Return the data below unchanged. Drop any pictures.

▶ **Data provided**
━━━━━━━━━━
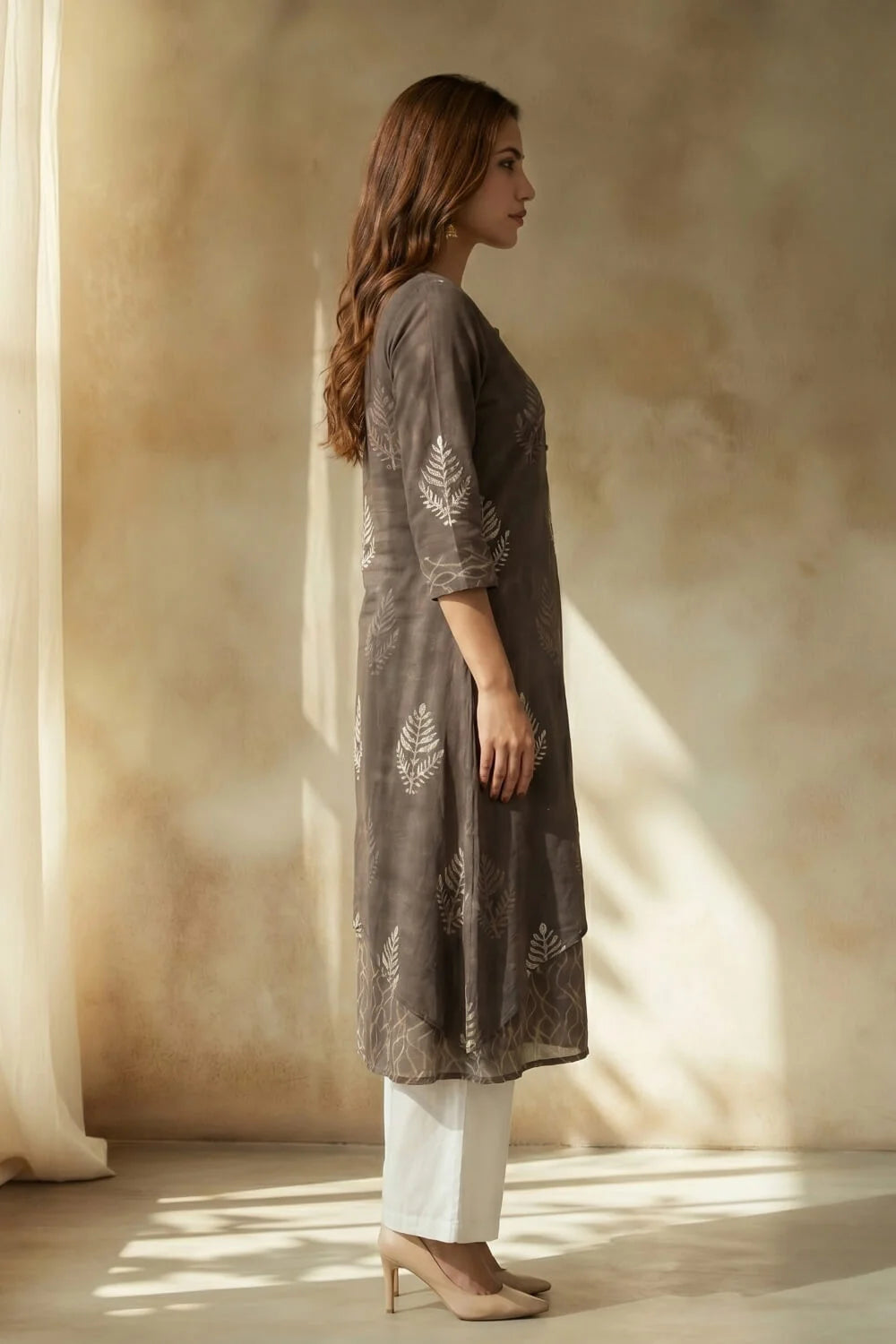 Smoky Fern Mulmul Layered Dress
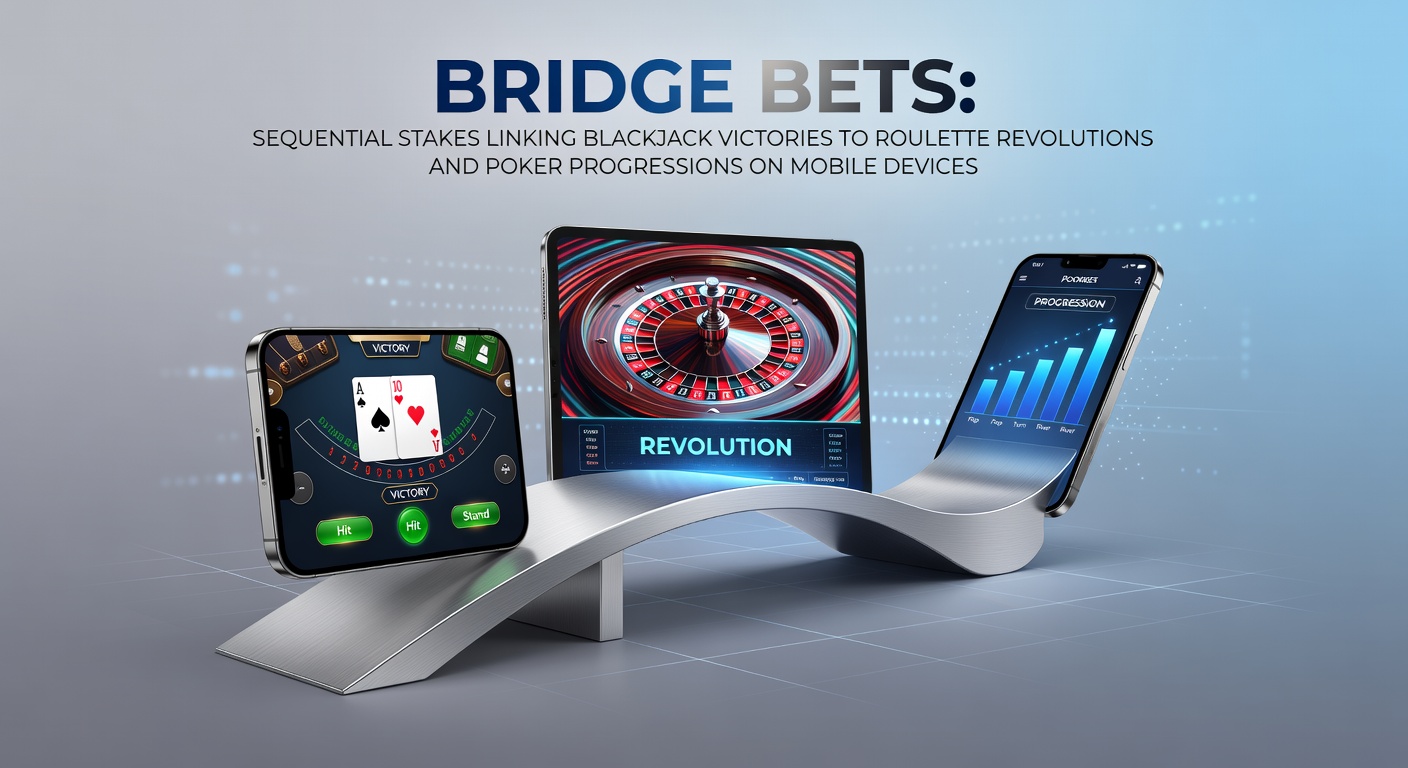 Grafische weergave van sequentiële bridge bets die blackjack, roulette en poker verbinden op een mobiel scherm, met pijlen die winsten doorlinken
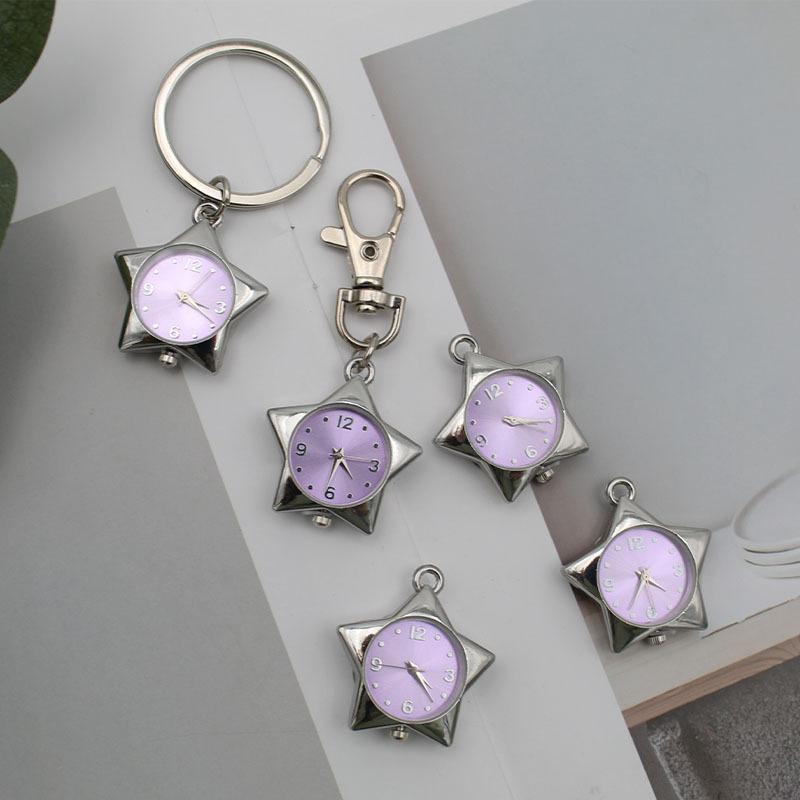Star Pocket Watch Clock Pendant Keychain Ornaments Retro Trinkets Bag Charms Decor Pocket Watch Gift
━━━━━━━━━━
▶ **Written solution**
 Smoky Fern Mulmul Layered Dress
 Grafische weergave van sequentiële bridge bets die blackjack, roulette en poker verbinden op een mobiel scherm, met pijlen die winsten doorlinken
Star Pocket Watch Clock Pendant Keychain Ornaments Retro Trinkets Bag Charms Decor Pocket Watch Gift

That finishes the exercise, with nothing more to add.